Baptism of Richard, the son of Samuel Hollyday, July 1629, Stonehouse, Gloucestershire via Ancestry.com

However, if this is the right Richard, then examining the Parish Registers for Stonehouse and the nearby parish of Leonard Stanley gives me a further 7 potential siblings for Richard, running from 1609 to 1640. There is also a Will and Inventory for a Samuel Holliday of Horsley in 1663. In it, he leaves various bequests to his sons Richard and Samuel and his daughters Mary Board (named as wife of Henry Board) and Anna Holliday. He also mentions a grandchild, Samuel Holliday, the son of Samuel, and another Samuel, the son of John. There is no wife – named or otherwise – included which makes me think that he was a widower by the time he died. (Although this isn’t necessarily the case!)

I suspect this Samuel is one and the same as the father named in Richard’s marriage document as I can find baptisms for the children Samuel, Richard, John and Anna mentioned therein.
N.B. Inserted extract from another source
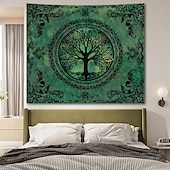 preiswerte Wandteppiche-Wandteppich mit Lebensbaum-Motiv aus Buntglas im Mosaikstil, farbenfrohe und lebendige Kunst, Heimdekoration für Wohnzimmer und Schlafzimmer, großes Stoffposter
I can find a later will of 1775 for a Samuel Halliday of Bisley, Gloucestershire. (Note: Bisley is approximately 8.5 miles from Horsley.) In it, he names three sons by his first wife (Samuel, William, James) and two by his second – and current [unnamed] – wife (John and Richard). There is also a possible daughter, Elizabeth, who is mentioned only as the mother of Daniel Tyler who receives a few items – possibly as a grandchild? Could this Samuel be descended from one of the grandsons named Samuel in the previous will? It seems unlikely that a child would be alive to be named in 1663 and 1775! But the repetition of the name Samuel seems key, as does the inclusion of the name Richard. (Of course, Richard could feature in the second wife’s family.)

There are a number of Halliday/Holliday wills from around Stroud, none of which seem to clearly match into family groups that mesh with mine (or at least I’m not intending to wade through disparate entries at this point to see what trees can be built out of the information). However, there are very few of the group living in Sherston that appear in the probate record (one of those being my 8 x great-grandfather, John – or more precisely his son, Thomas, being granted administration of the estate in 1729 as John died intestate

Detail from administration confirmation of John Holliday, confirming Thomas Holliday “the lawful son” as administrator of John Holliday’s estate, via Ancestry.

So whilst I’m not out of the Halliday woods quite yet – there is a veritable tangled thicket of them in that area of Gloucestershire which is an entire project in and of itself, especially as mother’s names don’t seem to have been recorded in the parish registers! – I am happier having reviewed the information I had been given, making sense of it, and removing the incorrect links. It was a bit of a bum job, but definitely worth it.